(Data excerpts)
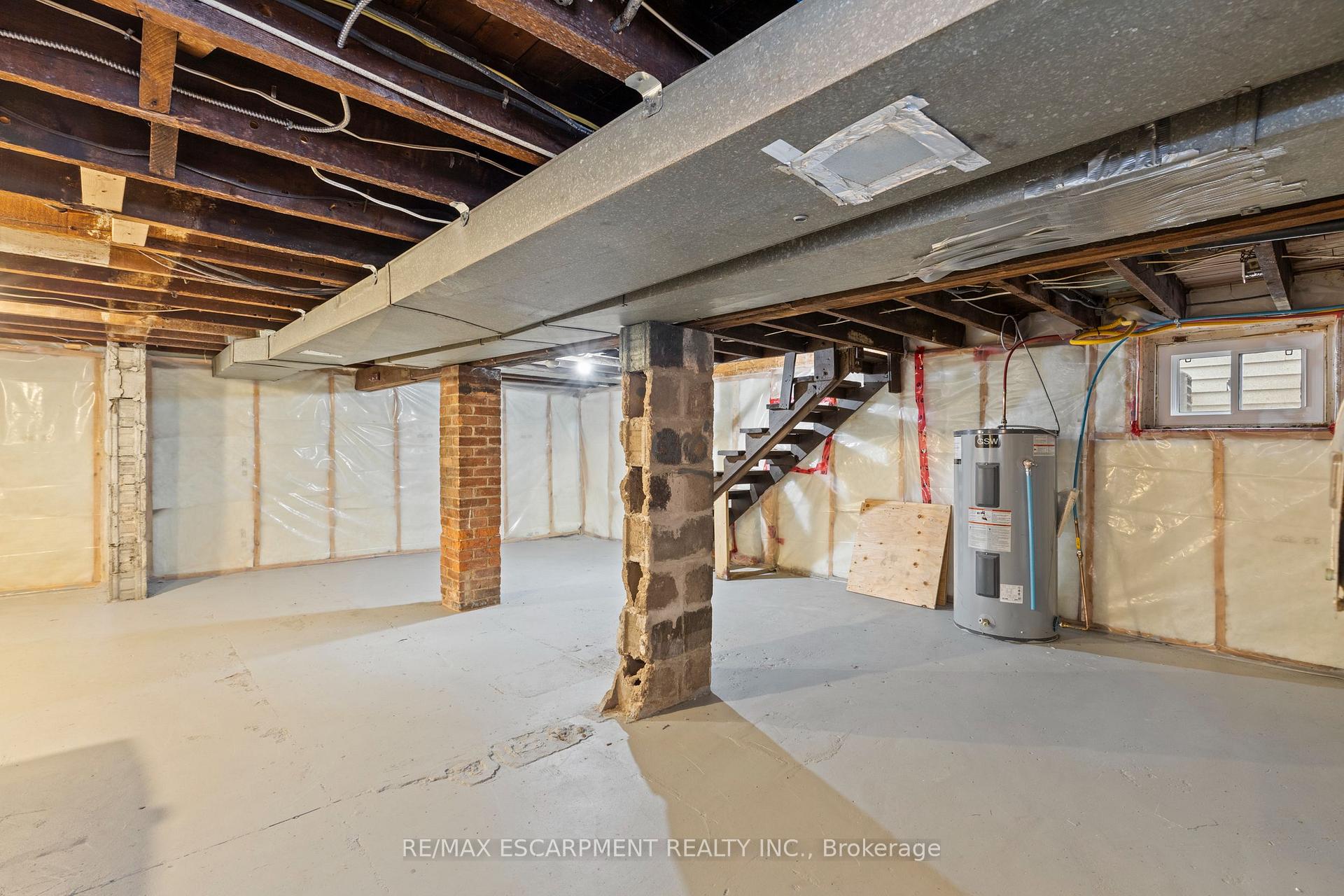 Photo 22 of 2 Berryman Avenue, St. Catharines, E. Chester — HOMEH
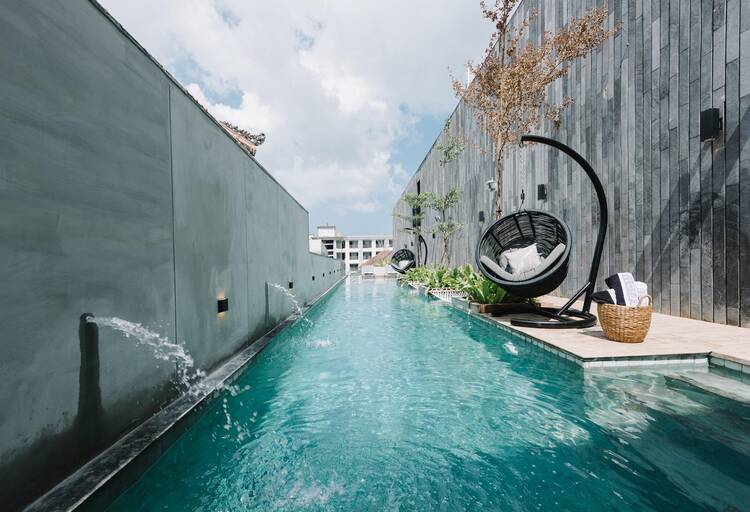Lloyd’s Inn Bali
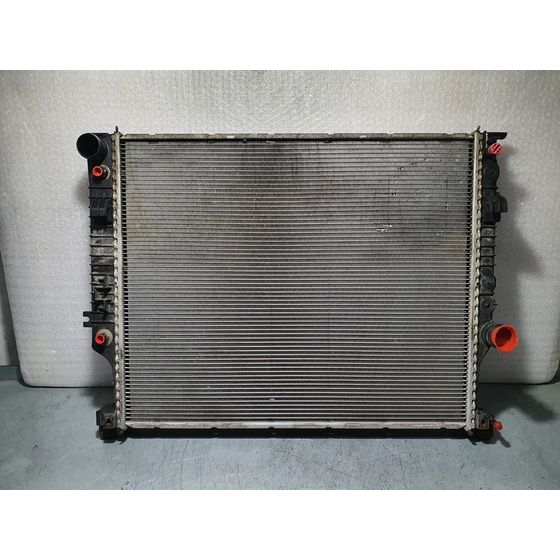 Radiador Agua Para Mercedes Clase M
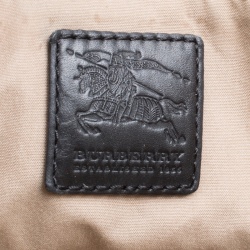 مملوكة مسبقًا حقيبة يد بربري ديابر جلد وPVC كاروهات هاوس سوداء/ بيج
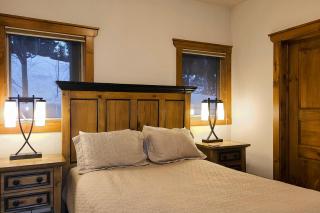 Ski Chalet - 4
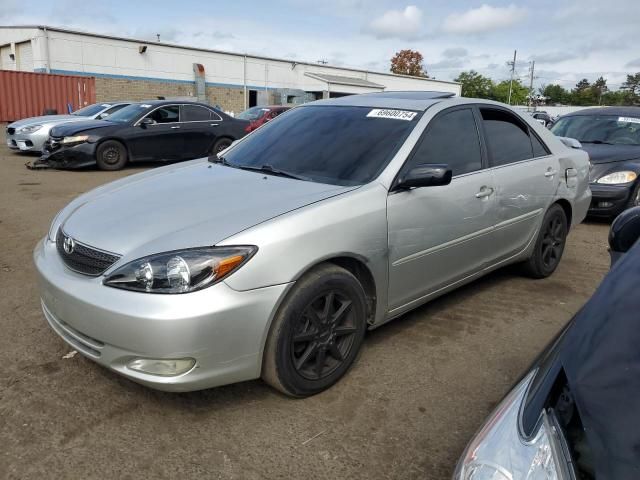 2004 Toyota Camry SE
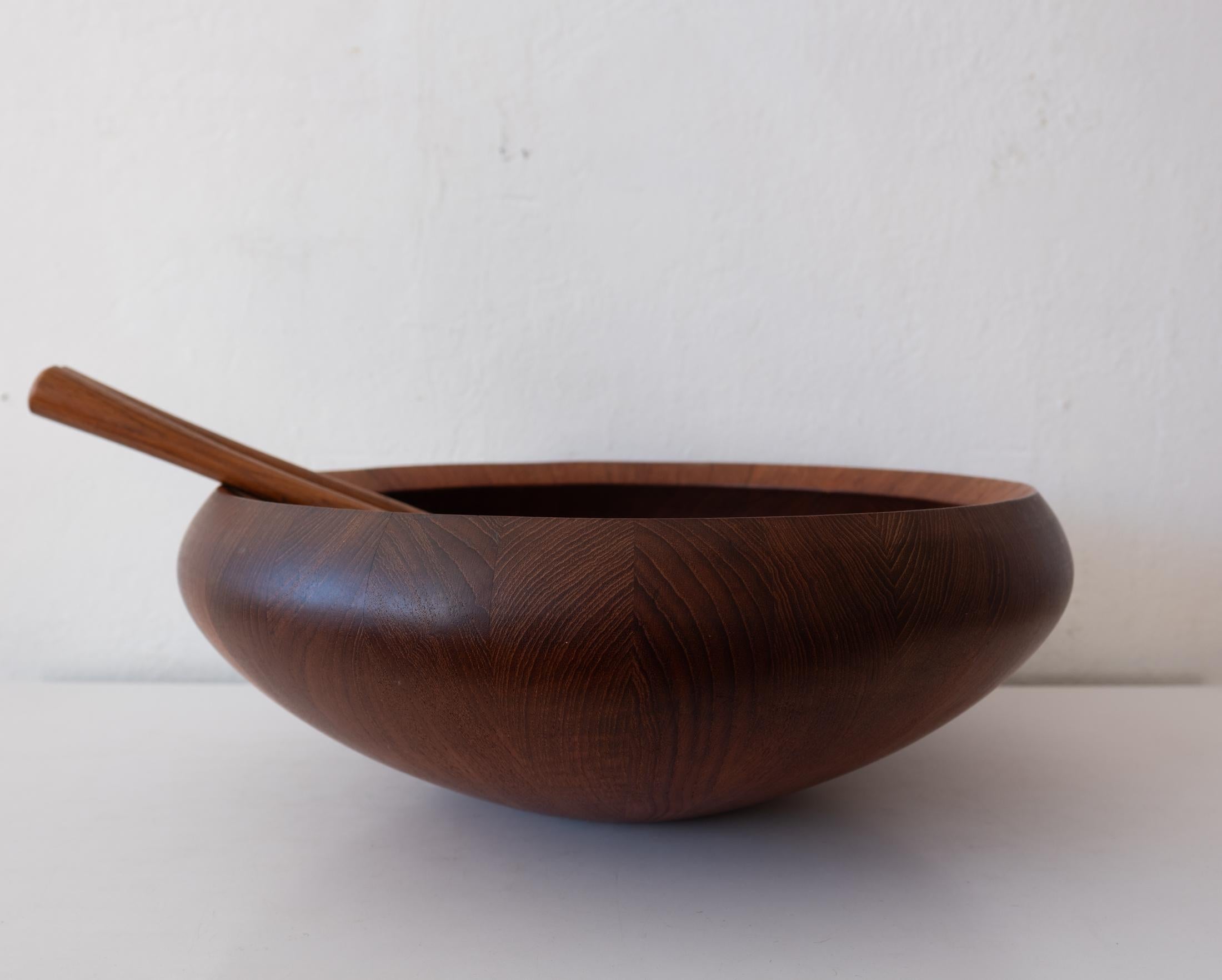 Mid-20th Century Large Teak Sculptural Salad Bowl and Tongs by Jens Quistgaard for Dansk For Sale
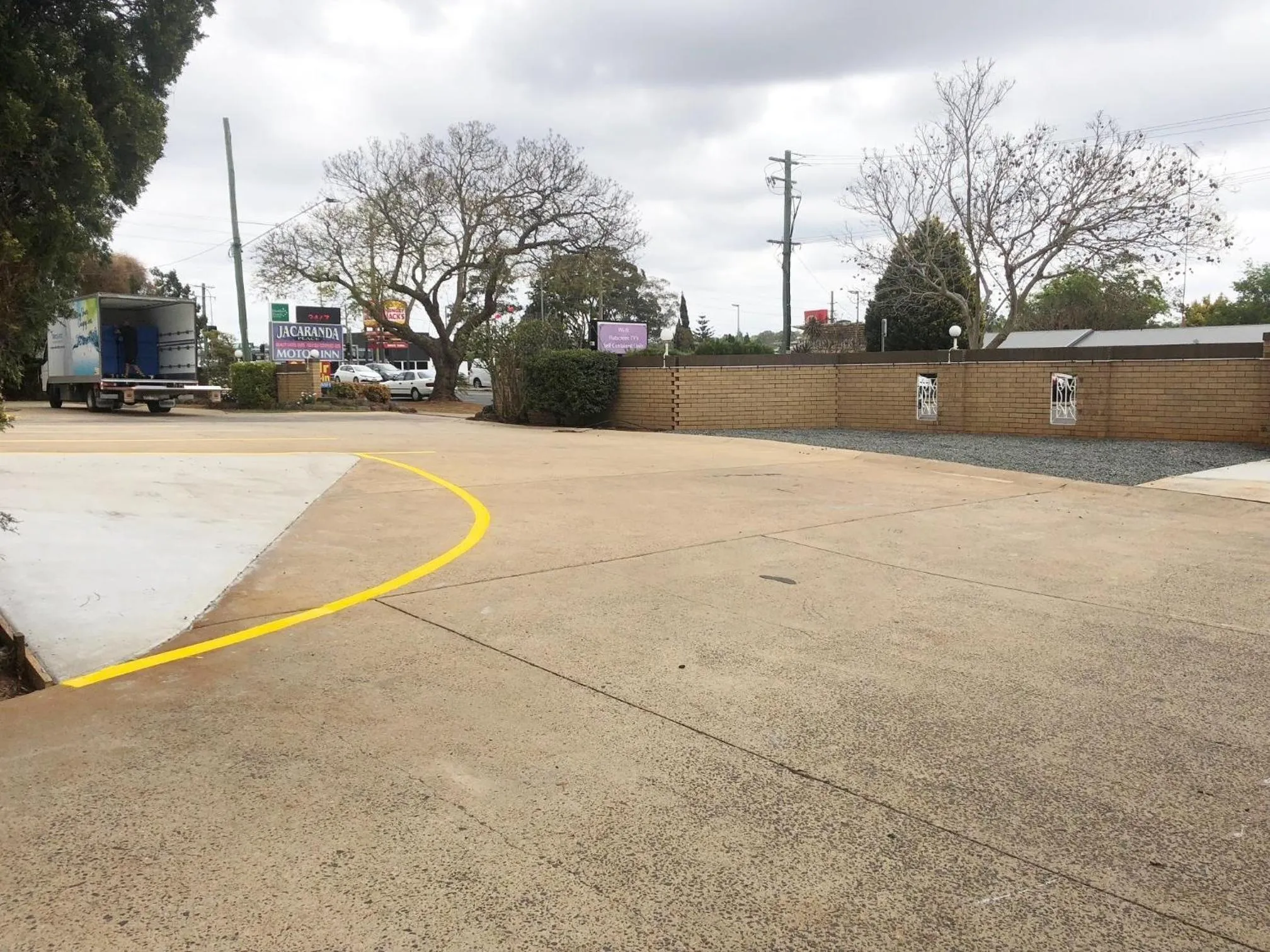 Jacaranda Place Motor Inn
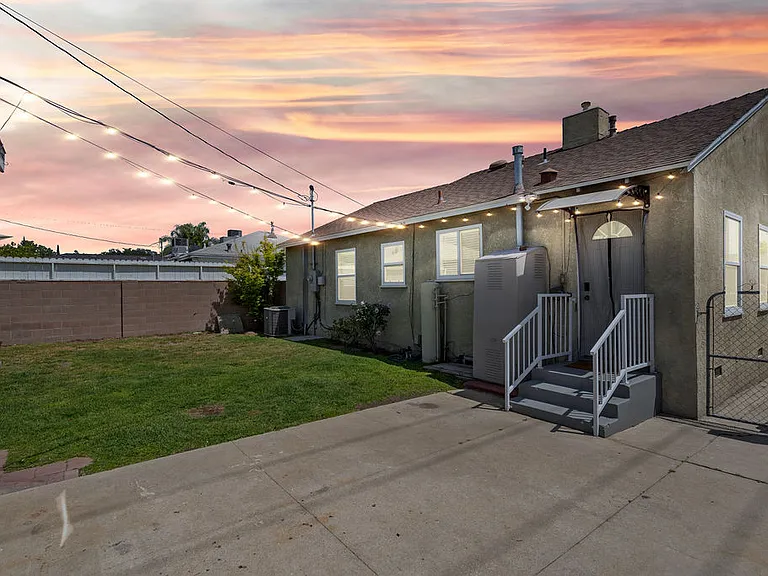 2109 N Valley St — Photo 30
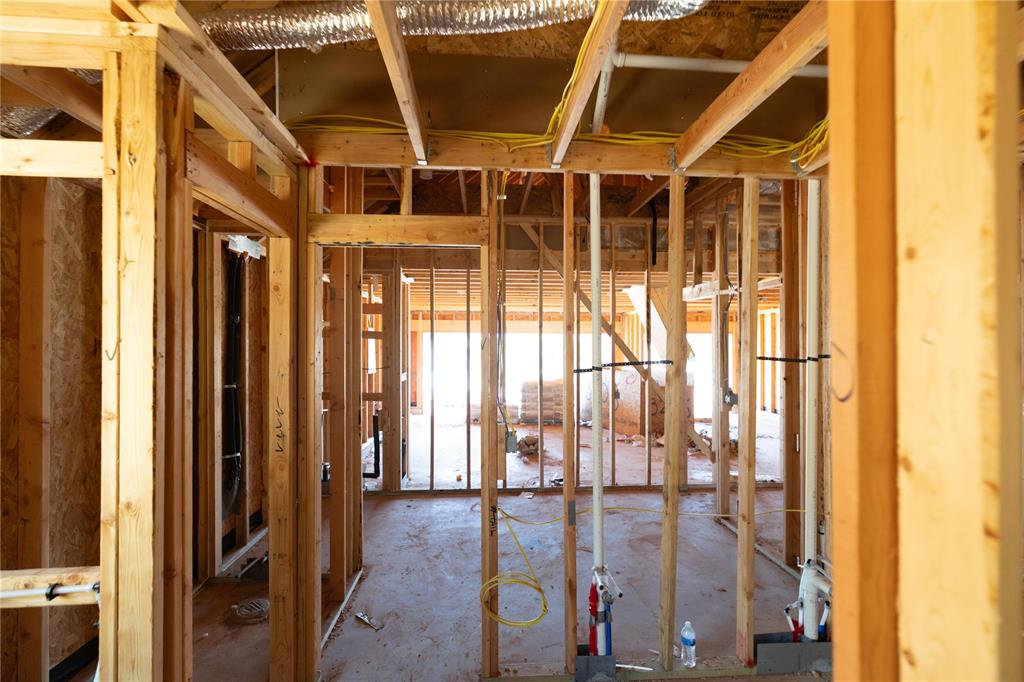 3205 Broadmoore Drive Property Photo 6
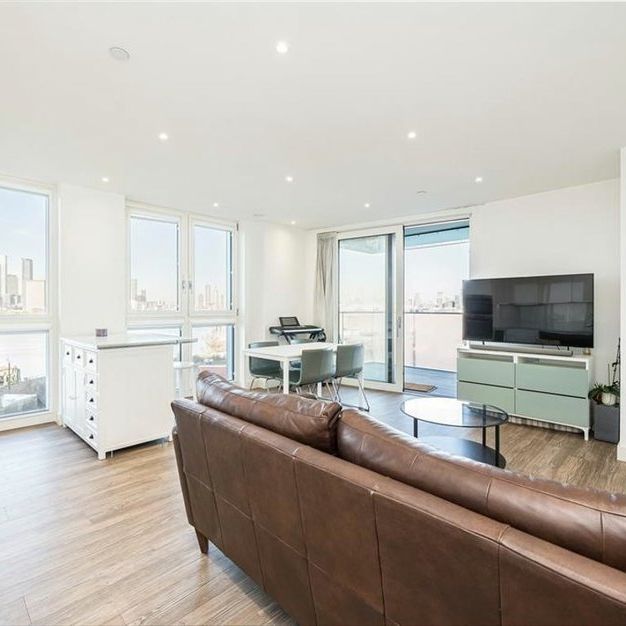 Telegraph Avenue - Photo 1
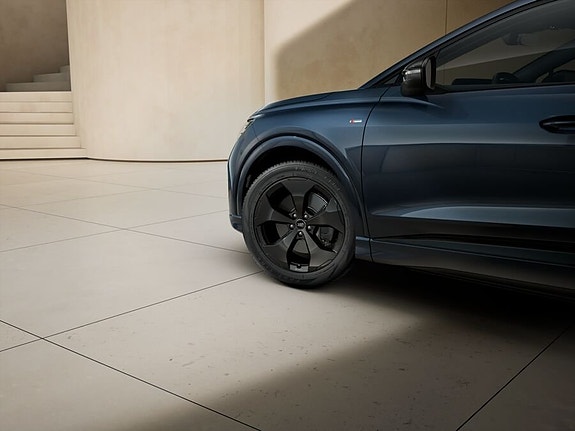 Audi Q4 e-tron 4 of 5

**DESCRIPTION OF THE TASK:**
What you write must match, line for line, the lines from the one with "2109 N Valley St — Photo 30" through the last line of the data above, minus the pictures.

**RESPONSE AREA:**
 2109 N Valley St — Photo 30
 3205 Broadmoore Drive Property Photo 6
 Telegraph Avenue - Photo 1
 Audi Q4 e-tron 4 of 5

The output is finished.